Postwar and Contemporary Art, Politics of Media, Globalization
Ph.D., Massachusetts Institute of Technology, 2001
Prof. Kraynak writes and teaches about the history and theory of postwar and contemporary art, focusing upon the transformation of the artistic object as an analogue for larger socio-political developments. Her research examines the emergence of non-traditional mediums (including time-based, linguistic, and technically mediated forms) at moments of crisis and upheaval: from the revolutionary 1960s and the post-1989 period with the emergence of globalization to the current crises of a digitally mediated public sphere. With a particular interest in the interdisciplinary turn in the production and reception of art, Kraynak's scholarship traces the advent of performance strategies in the visual arts, as well as the advent of digitization as a social and political form.
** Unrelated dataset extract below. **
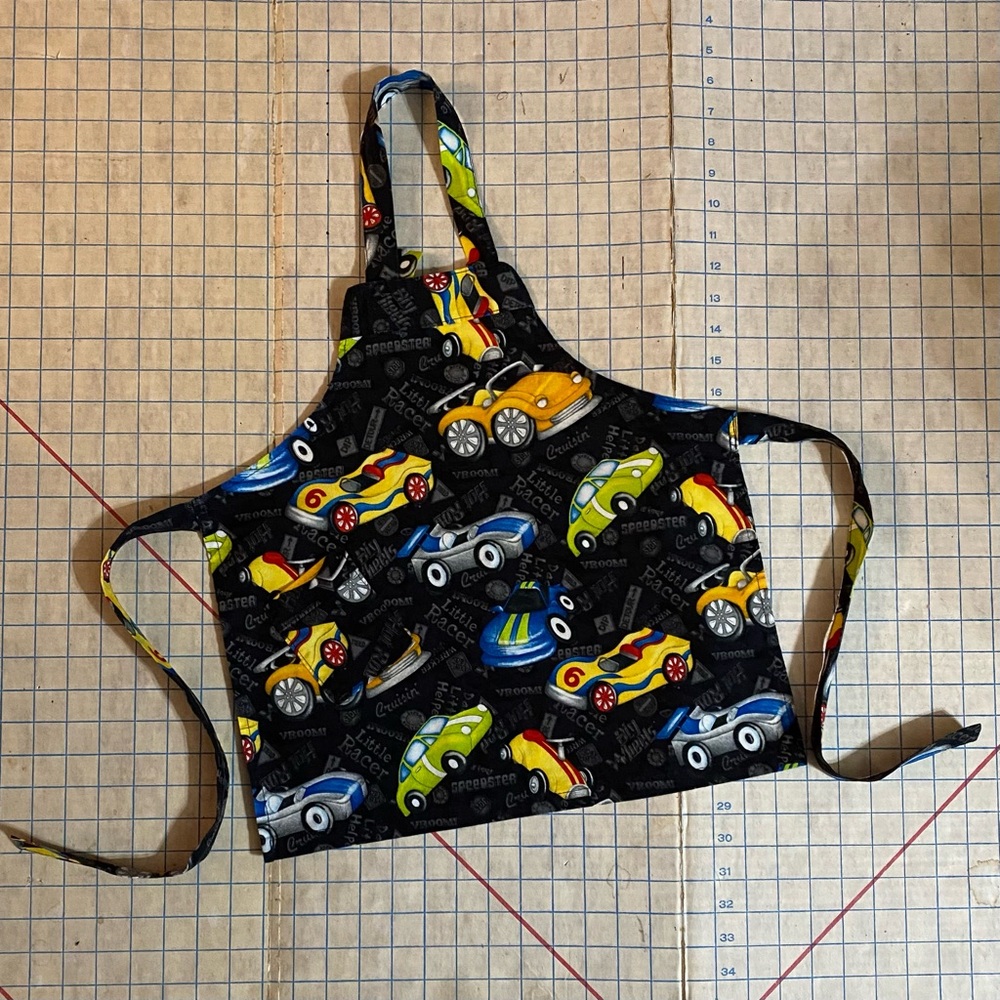 Apron, handmade, race car fabric, size Small (approx 3-5 years)
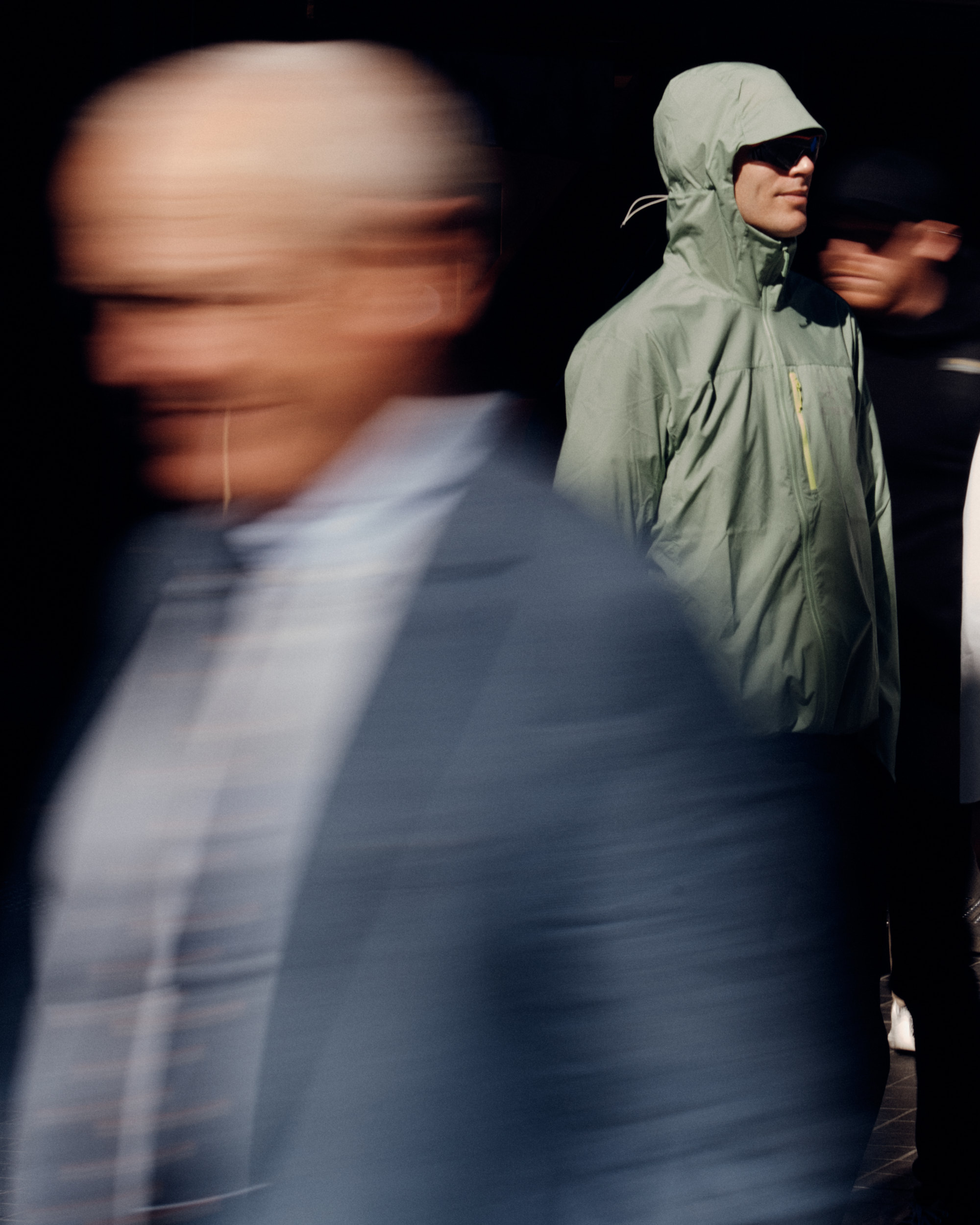 Three people walking, one out of focus, another in a light green jacket with a hood, captured in an outdoor setting with natural light.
Kraynak is the author of numerous books, including the edited volume, Please Pay Attention Please: Bruce Nauman's Words: Writings and Interviews (MIT Press, 2003); the Survey, Monica Bonvicini (Phaidon Press, 2014), Nauman Reiterated (University of Minnesota Press 2014), Jon Pestoni: Family Plot (David Kordansky Gallery and the Cleveland Museum of Art, 2016). Her latest book, Contemporary Art and The Digitization of Everyday Life, for which she was awarded The Creative Capital/Andy Warhol Foundation Arts Writers Grant (2017), is being published by the University of California Press (2020). She has written articles on artists including Glenn Ligon, Philippe Parreno, Rosemarie Trockel, Do-Ho Suh and Rirkrit Tiravanija, among others. Across numerous writings, Kraynak has theorized the rise of participatory practices in the 1960s, their resurgence during the 1990s, and their continued transformation with the rise of the Internet, critically undermining claims for democratization by addressing modes of coercion and control and the rise of political inequality. As a scholar and critic, Kraynak's writings have appeared in Art Journal, Grey Room, Artforum, Frieze, and The Journal of Visual Culture among other publications. She has lectured widely on contemporary art at such venues as the Getty Research Institute, the Museum of Modern Art, the Whitney Museum of American Art, the Institute for Aesthetic Studies, University of Aarhus, Denmark, among others.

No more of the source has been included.